Port site infections in LAGB

Laparoscopic adjustable gastric banding is a very effective type of bariatric surgery performed in the modern era.

The most common type of infection associated with LAGB is infection of the implanted subcutaneous access port with an incidence ranging from 0.3 to 9% [37,38]. The diagnosis of a port infection can be made as a clinical diagnosis or following upper endoscopy. Upper endoscopy can also rule out band erosion. Isolated port infections are managed by removing the port and implanting a new port once the infection has cleared. Even though port infection is considered a relatively minor complication of LAGB, it often necessitates re-operation at the port site or at the level of the band. To circumvent this complication, Fabry et al. came up with a technique that ensures port stability by using a larger surface area for attachment of the port to the fascia [39].

Surgical-site infection prevention

General preventative measures

Many SSI prevention measures are described in detail in the current guidelines. These measures include treating all existing infections prior to surgery, minimizing hair removal preoperatively (and if required, removing hair immediately prior to surgery using clippers), achieving appropriate glucose control during the preoperative period, maintaining normothermia during the perioperative period, applying antiseptic skin preparation appropriately prior to surgery, ensuring proper hand/forearm antisepsis for surgical team members, maintaining a sterile field in the operating room and providing appropriate antimicrobial prophylaxis [13,40,41]. Expert surgical technique, including methods of wound closure can also impact SSI risk [42]. Most of these recommendations for the prevention of SSIs apply to bariatric surgery.
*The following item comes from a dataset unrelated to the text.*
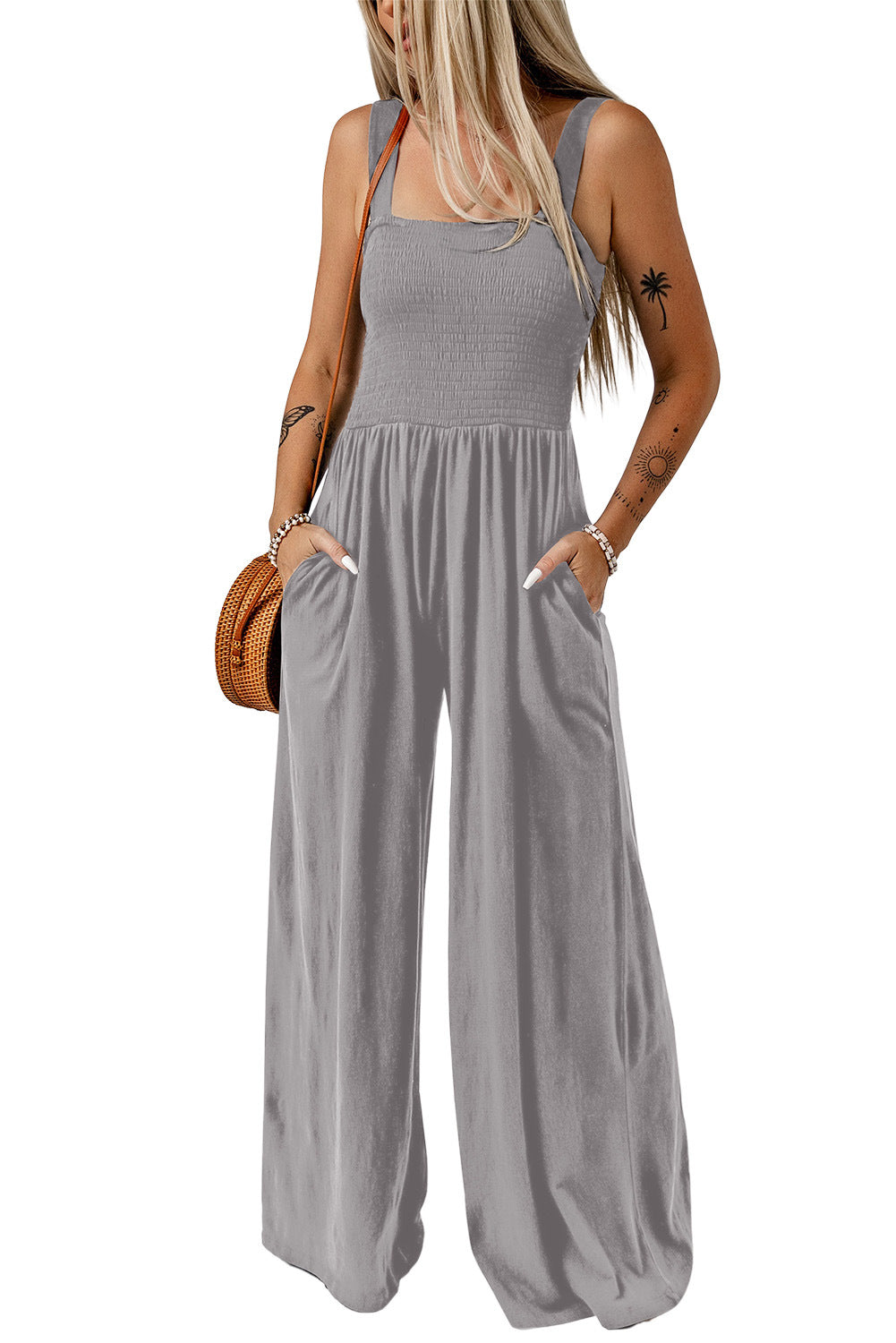 One-piece vest pants-D324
However, some facets of prevention, such as the provision of adequate antimicrobial prophylaxis, present challenges in the obese patient population.
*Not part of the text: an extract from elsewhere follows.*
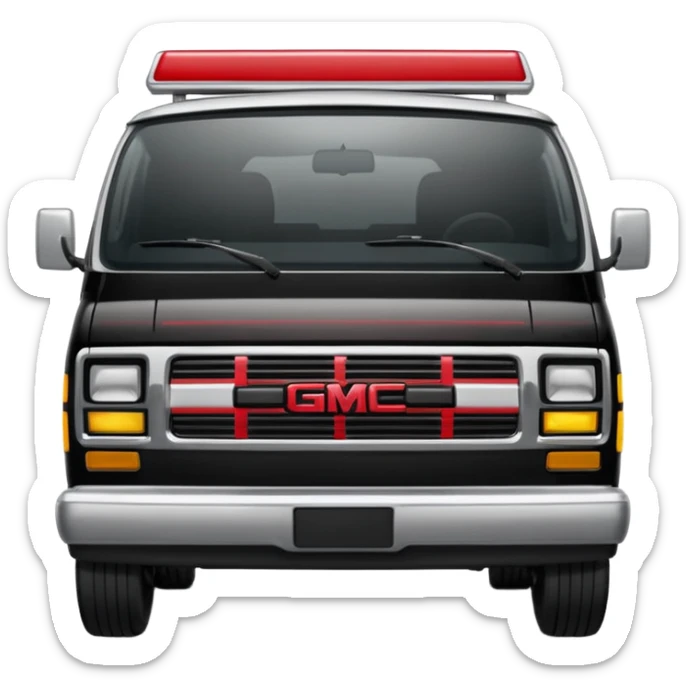 I need an emoji depicting the A-Team's van. this is a GMC Vandura with a front grill, and a diagonal stripe coming from the door, it is not a VW van sticker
Antimicrobial prophylaxis: overview

The benefits of perioperative antimicrobial prophylaxis in preventing SSIs have been clearly demonstrated through numerous trials and endorsed in various guidelines [13,40,43–48]. The goal of perioperative antimicrobial prophylaxis is to ensure that adequate antibiotic levels are maintained above the minimum inhibitory concentration (MIC) from the time of incision and throughout the procedure. The selection of appropriate prophylactic antibiotic regimens requires consideration of the expected microbial flora at the surgical site, patient-specific factors such as allergy and exposure to resistant bacteria, institution-specific factors such as local antibiograms and antibiotic formulary availability and drugs. Drug considerations include bactericidal activity, pharmacokinetic and pharmacodynamic parameters to ensure the adequate delivery of antibiotics in relation to surgical incision and the maintenance of optimal drug levels throughout the procedure. The bariatric surgery population presents challenges related to optimal drug dosage, infusion time and drug disposition. Unfortunately, there are only limited data describing the pharmacokinetic properties of antimicrobials in the obese patient population.
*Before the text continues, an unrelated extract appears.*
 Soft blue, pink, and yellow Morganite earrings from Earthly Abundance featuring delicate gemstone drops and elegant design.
Antimicrobial prophylaxis: agent selection for bariatric surgery

The goal of surgical antimicrobial prophylaxis is not to sterilize tissues, but to decrease bacterial burden to a level that can be controlled by host defenses. Numerous microbial species have been implicated as SSI pathogens. In bariatric surgical procedures, the predominant organisms include Gram-positive bacteria such as staphylococci, streptococci and enterococci, and Gram-negative pathogens such as Enterobacteriaceae including Proteus mirabilis, Serratia marcescens, Enterobacter and Escherichia coli, and anaerobes including Bacteroides fragilis [18,19].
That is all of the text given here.